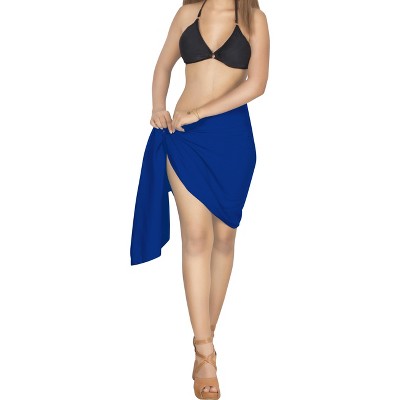 LA LEELA Women's Beachwear Summer Beach Wrap Bikini Wraps Sarong Swimwear Swim Cover Up Skirt Pareo Coverups for Women One Size Blue,Solid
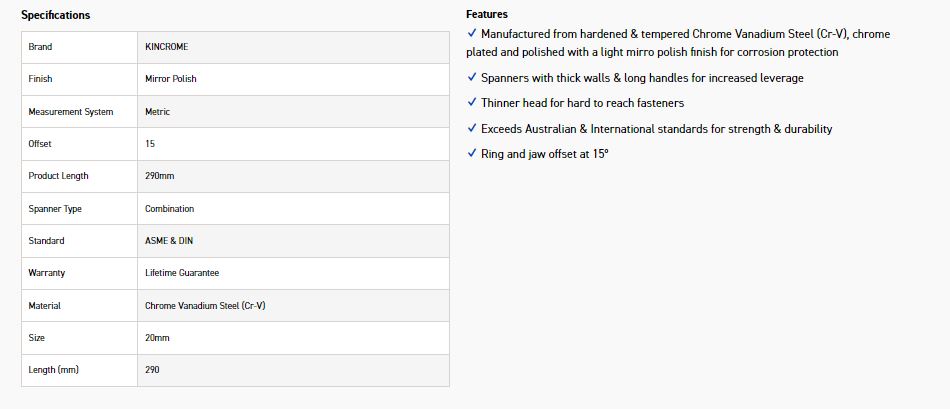 KINCROME K35135 20MM COMBO SPANNER (MP) - Image 2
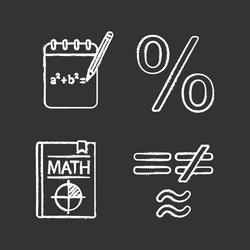 Mathematics chalk icons set vector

**What is expected**
Only the pictures are to be left out, and all of the data must otherwise be transcribed exactly.

**Task answer**
 LA LEELA Women's Beachwear Summer Beach Wrap Bikini Wraps Sarong Swimwear Swim Cover Up Skirt Pareo Coverups for Women One Size Blue,Solid
 KINCROME K35135 20MM COMBO SPANNER (MP) - Image 2
 Mathematics chalk icons set vector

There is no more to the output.